◆ ASSIGNMENT
Repeat the following data exactly, omitting pictures.

◆ DATASET EXTRACT

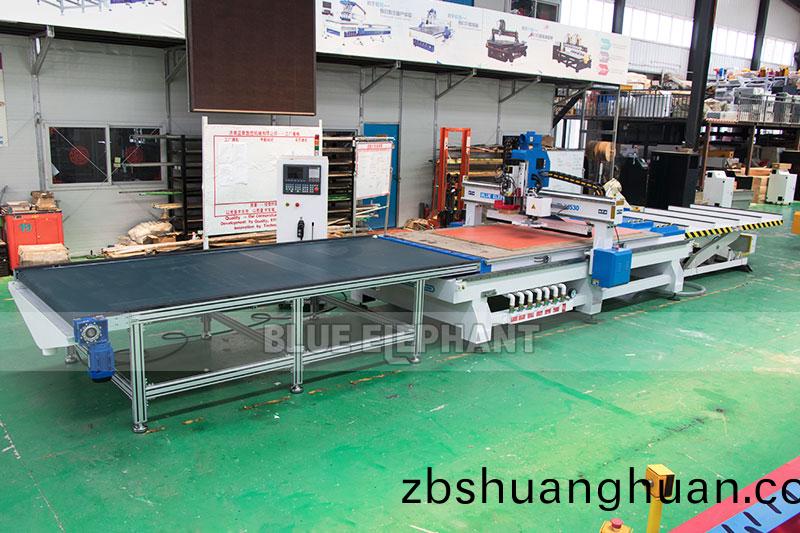 闆(ban)式傢(jia)具生(sheng)産線(xian)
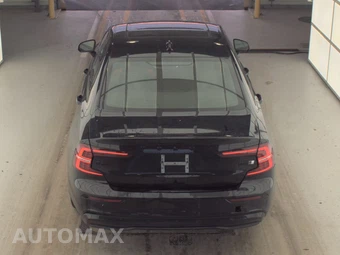 2023 Volvo S60 B5 Plus Black Edition – miniatura 5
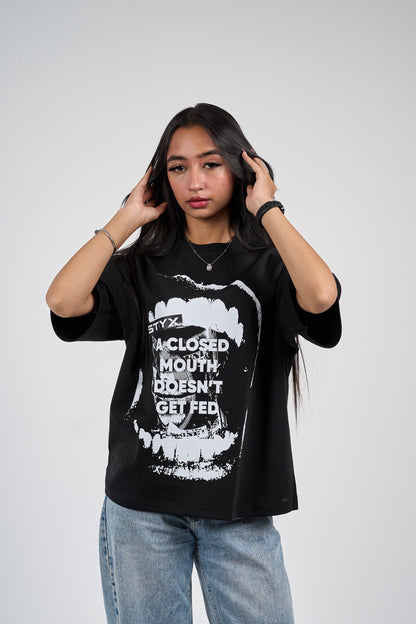 Closed Mouth black 
boxy-t-shirt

◆ FINISHED TASK
 闆(ban)式傢(jia)具生(sheng)産線(xian)
 2023 Volvo S60 B5 Plus Black Edition – miniatura 5
 Closed Mouth black 
boxy-t-shirt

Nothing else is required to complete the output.